When we do use our time, a study by the Bureau of Labor Statistics has found that an average day off for Americans mostly involves sleep. We spend 9.5 hours sleeping, followed by 6.5 hours of relaxing, gaming, socializing, and/or watching TV. We use 2.5 hours on practical things like cooking, cleaning, paying bills, doing housework, or repairing things. We spend 1.5 hours eating. The few hours left are for shopping, volunteering, grooming, and lesser tasks known as "other." Combining usefulness and frivolity, a typical day off describes a monthly PLP day.

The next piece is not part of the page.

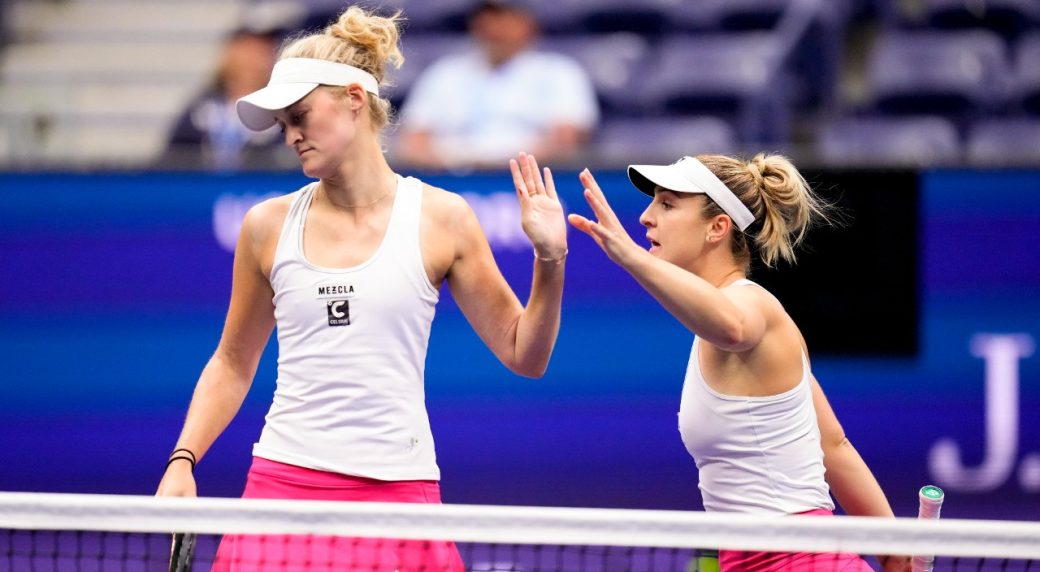 Dabrowski, Routliffe lose semifinal match to Siniakova, Hunter in Dubai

But I decided that if I just add the letter "o," my PLP day becomes a PLoP day, which gives me permission to plop somewhere -- a couch, a lawn chair, a blanket on the grass, or even remaining in bed -- and do the kinds of things that you can only do when you are plopped somewhere. Today, for example, I plopped for several hours with a cup of coffee and a detective novel. I may spend some time later plopped on my laptop or phone to catch up with friends and family. Plopping encompasses non-essential, that is to say, fun things I've been meaning to do.
If I get in the car, I can plop myself at Starbucks, or the movie theater, or any other place of sedentary leisure. Errands and other missions of purpose, however, are anti-plopping, and are thereby forbidden on a PLoP day. If everyone I know thinks I am at work, I can put on sunglasses and spend my PLoP day incognito. Pay no attention to that woman you see plopping.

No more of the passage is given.